The Interagency Grizzly Bear Study Team leader said he didn’t want residents and visitors to be panicked over what’s taken place in the Greater Yellowstone Ecosystem this spring and summer.
“I don’t think there’s any reason to think that this is the start of a trend,” van Manen said. “And I don’t want people to think that they’re suddenly doing something different. They’re not.
“The bears are doing the same thing they’ve always done,” he continued, “they’re just in more places and in higher densities, and that combined with increased recreational use could be the cause of this — even though we’ll probably never know that for sure.”

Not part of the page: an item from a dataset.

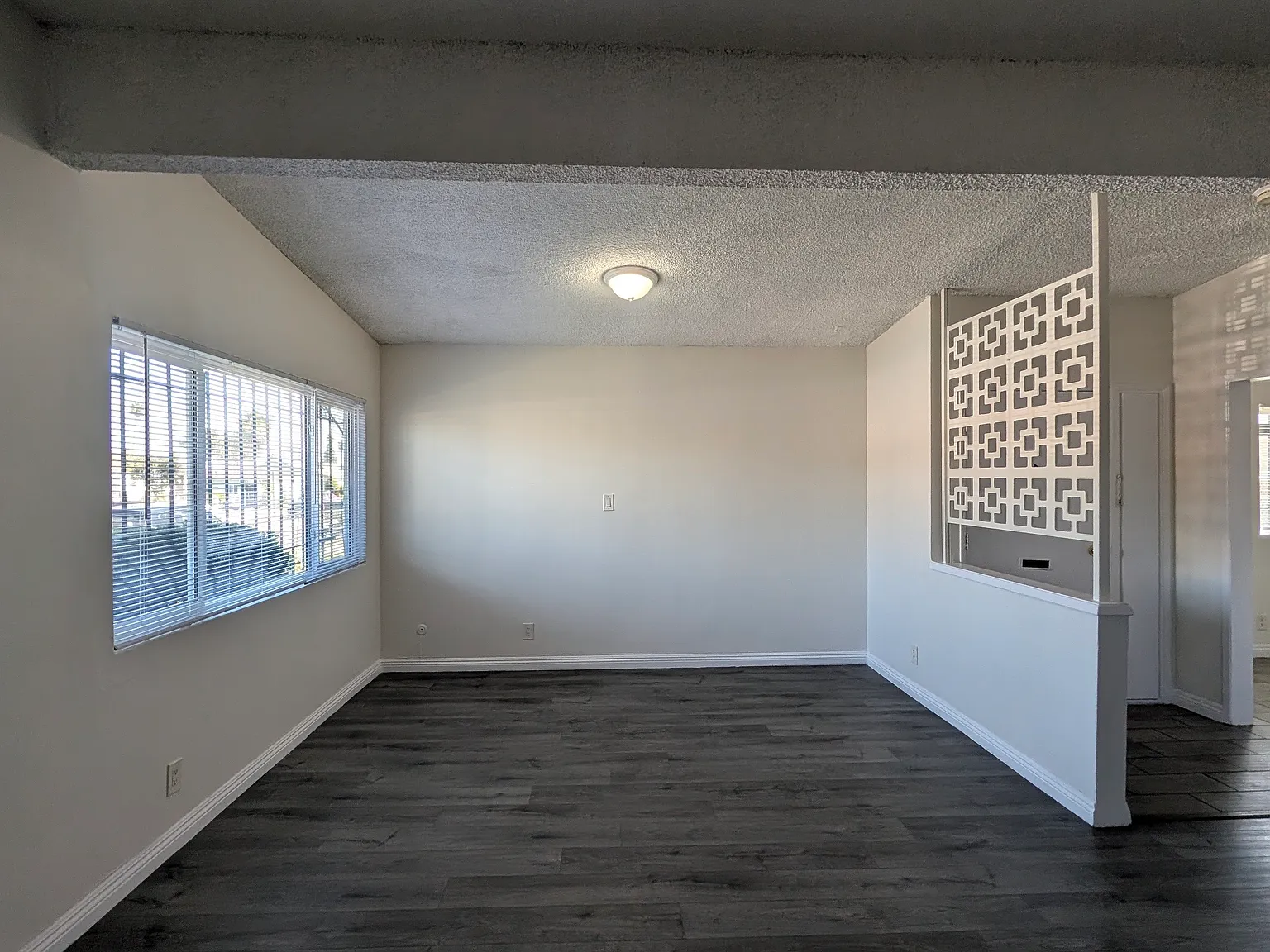 3 bed, $2,500 — Photo 1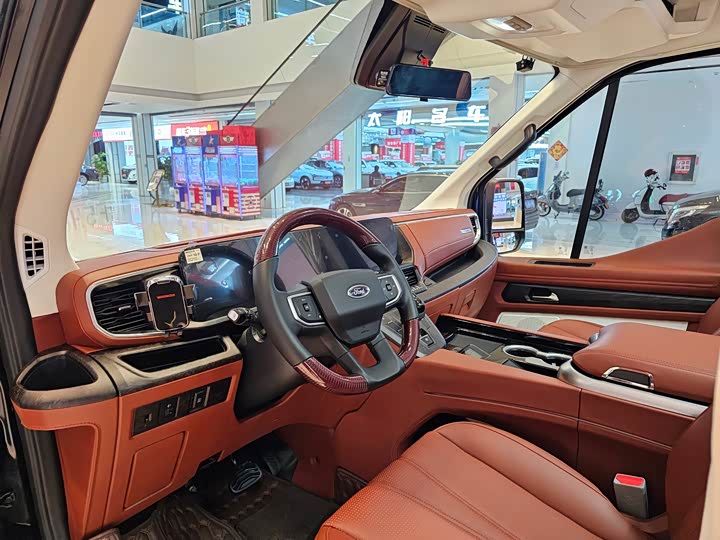 Фото 9 - Ford Transit T8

Independent conservationist Steve Primm, who specializes in how people can coexist with large carnivores, agrees that the sample size of 2020’s grizzly-human conflicts is too small to draw any firm conclusions. Still, he believes there are lessons to be learned.
“All of these incidents underscore the need for situational awareness,” Primm said, “and practicing with bear spray, so that when you do have to deploy rapidly and in close range, you have a chance at being able to do that effectively.”
That guidance, he said, is especially important for people who partake in fast-paced recreational pursuits, like mountain biking and trail running.
“I think there are a lot of places where we shouldn’t be encouraging those kinds of uses. But I hope people recognize that if they are going to do something like that in grizzly bear habitat, it’s inherently risky and there are places where what they ought to be doing is slowing way down and making noise.”